Los triunfos alcanzados por Rusia sobre Austria-Hungría no se debían tanto al país vencedor como al vencido. La putrefacta monarquía de los Habsburgo estaba pidiendo a voces desde hacía largo tiempo un sepulturero, el primero que llegase. No era la primera vez que Rusia triunfaba de los Estados en descomposición, tales como Turquía, Polonia y Persia. El frente suroccidental del ejército ruso, vuelto hacia Austria-Hungría, alcanzó, a diferencias de los otros, grandes victorias. En él se destacaron algunos generales que, si a decir verdad no revelaron en nada grandes aptitudes militares, por lo menos no estaban contagiados hasta el tuétano de ese fatalismo propio de los caudillos vencidos invariablemente. De este medio habrían de salir, andando el tiempo, algunos de los «héroes» blancos de las guerras civiles.
Todo el mundo buscaba en quién descargar sus culpas. No había judío a quien no se acusara de espionaje. Todo el que llevaba un apellido alemán veía su casa saqueada. El Estado Mayor del gran duque Nikolái Nikolaievich mandó fusilar como espía alemán al coronel de gendarmes Miasoiedov, sin prueba alguna fehaciente de lo que fuese.

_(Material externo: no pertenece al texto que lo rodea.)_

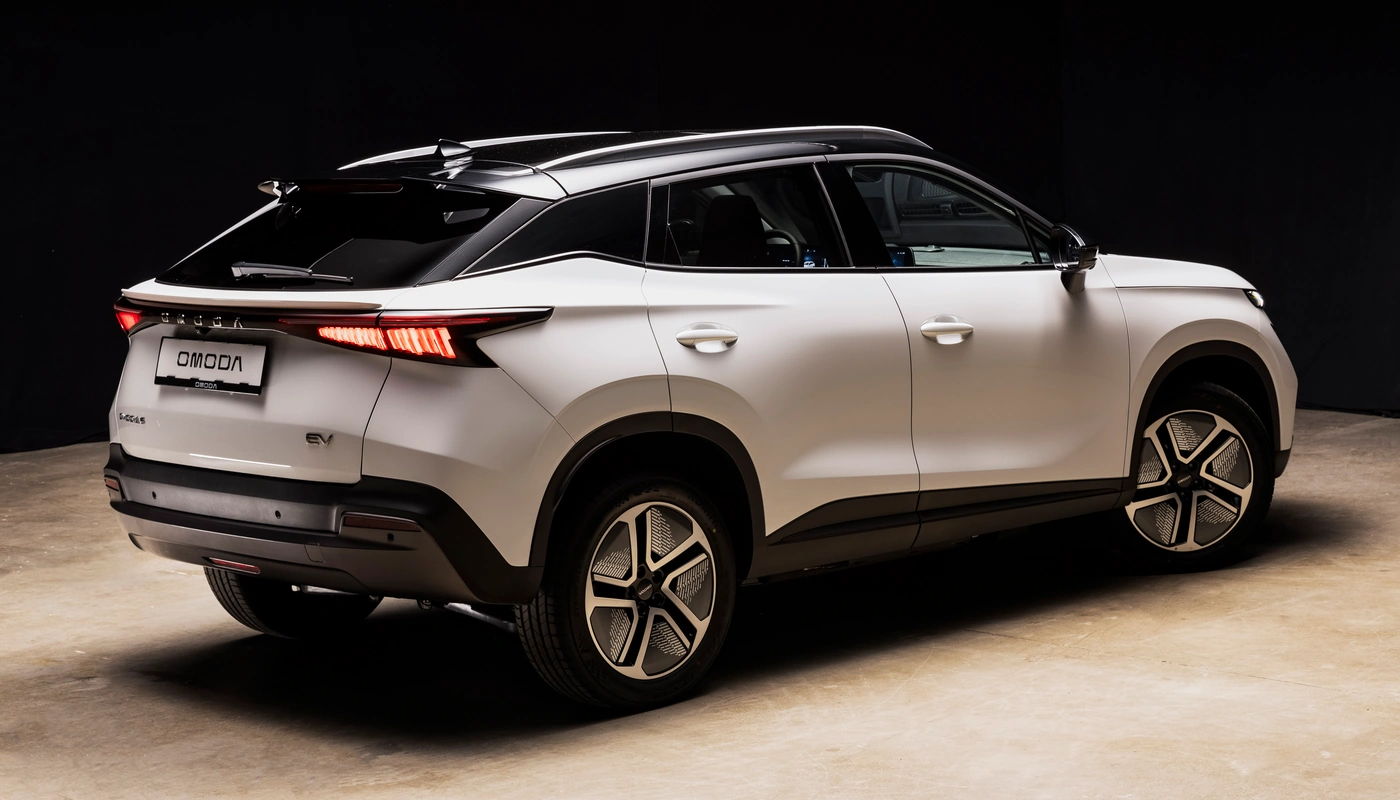 Omoda 5 Ev - Contexto Aparcado Exterior Trasera Izquierda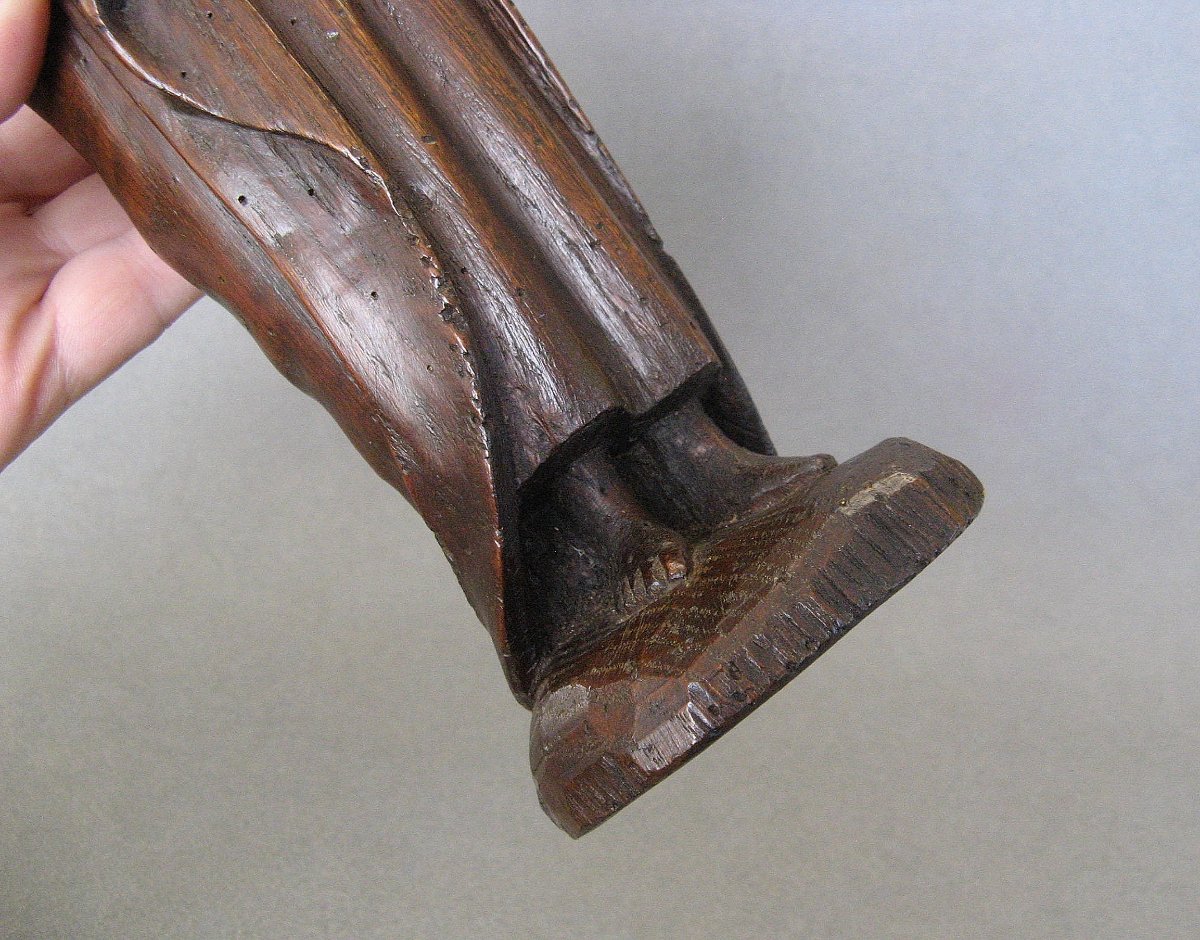 Religious Statue Of Saint Peter, Carved From A Single Block Of Solid Wood, 18th-century Folk Art.-photo-3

Sujomlinov, ministro de la Guerra, hombre vacuo y poco escrupuloso, fue detenido y acusado, acaso no sin motivos, de traición. El ministro de Negocios Extranjeros de la Gran Bretaña, Grey, dijo al presidente de la delegación parlamentaria rusa, comentando el hecho: «Vuestro gobierno da pruebas de una gran audacia al atreverse a procesar por traidor en plena guerra al ministro del ramo». Los estados mayores y la Duma acusaban de germanofilia a la Corte. Y tanto unos como otros sentían envidia y odio contra los aliados. El alto mando francés economizaba sus tropas, echando mano de soldados rusos. Inglaterra se desplazaba lentamente. En los salones de Petrogrado y en los estados mayores del frente se decían bromeando: «Inglaterra ha jurado que guerrearía hasta dar la última gota de sangre... del soldado ruso». Estas bromas acabaron por llegar a oídos de los soldados del frente. «¡Todo para la guerra!», exclamaban los ministros, los diputados, los generales y los periodistas. «Sí —gruñían los soldados en las trincheras, empezando a abrir los ojos —; todos están dispuestos a combatir hasta la última gota... de mi sangre».

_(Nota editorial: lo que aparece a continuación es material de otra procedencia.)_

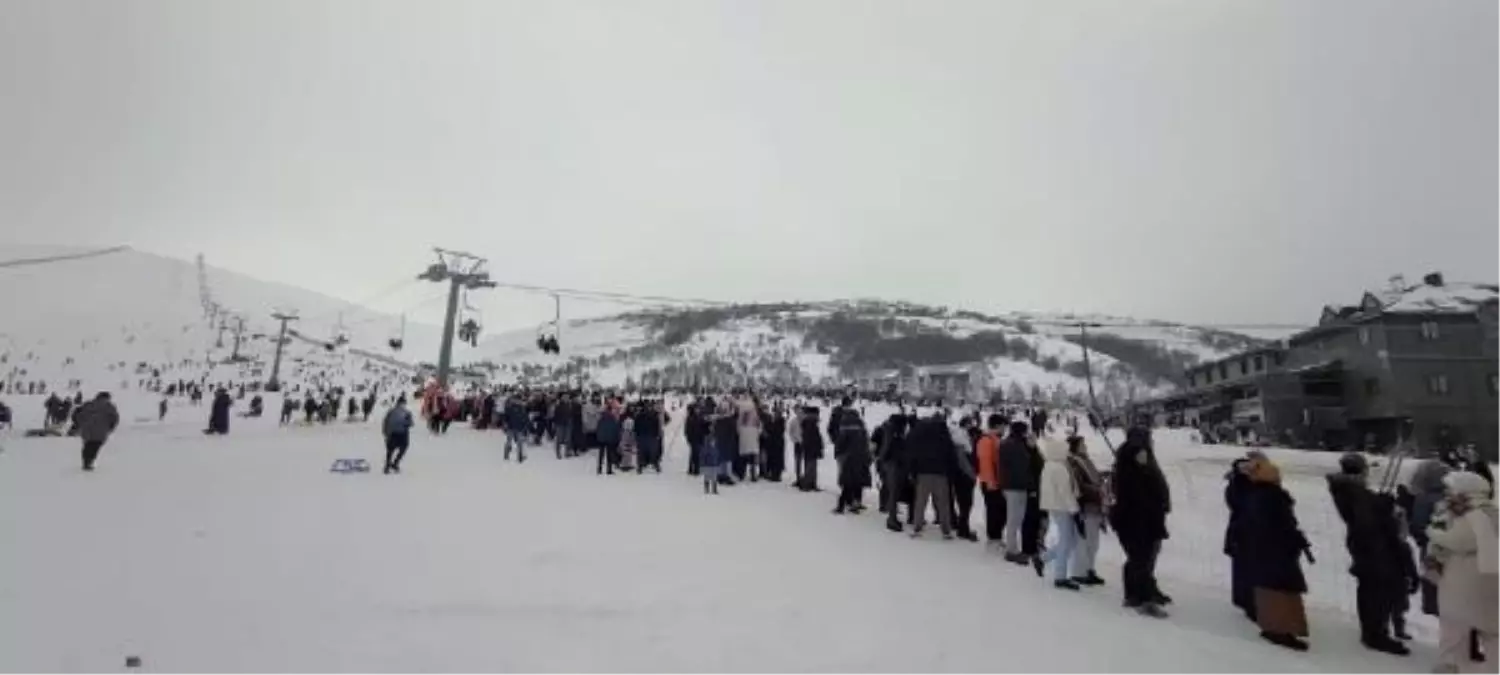Samsun'daki Akdağ Kayak Merkezi Sömestir Tatilinde Ziyaretçi Akınına Uğradı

El ejército ruso experimentó en la guerra un número de muertos superior al de ninguna de las demás naciones que tomaron parte en la matanza; sus víctimas ascendieron a dos millones y medio de muertos, o sea el 40% de las pérdidas sufridas por todos los ejércitos aliados juntos. En los primeros meses, los soldados caían bajo los obuses sin reflexionar o reflexionando poco. Pero cada día que pasaba iba dejando en ellos un nuevo poso de experiencia, esa experiencia amarga de los «soldados rasos», que no tienen quién les sepa conducir. Los soldados tocaban las consecuencias de aquel caos de marchas sin rumbo ni objetivo que ordenaban sus generales en sus zapatos rotos y en un estómago vacío. Y de aquella papilla sangrienta de hombres y cosas se alzó una palabra que fue tomando cuerpo y extendiéndose por todas partes: la palabra locura. El rudo lenguaje de los soldados empleaba, naturalmente, otra un poco más fuerte.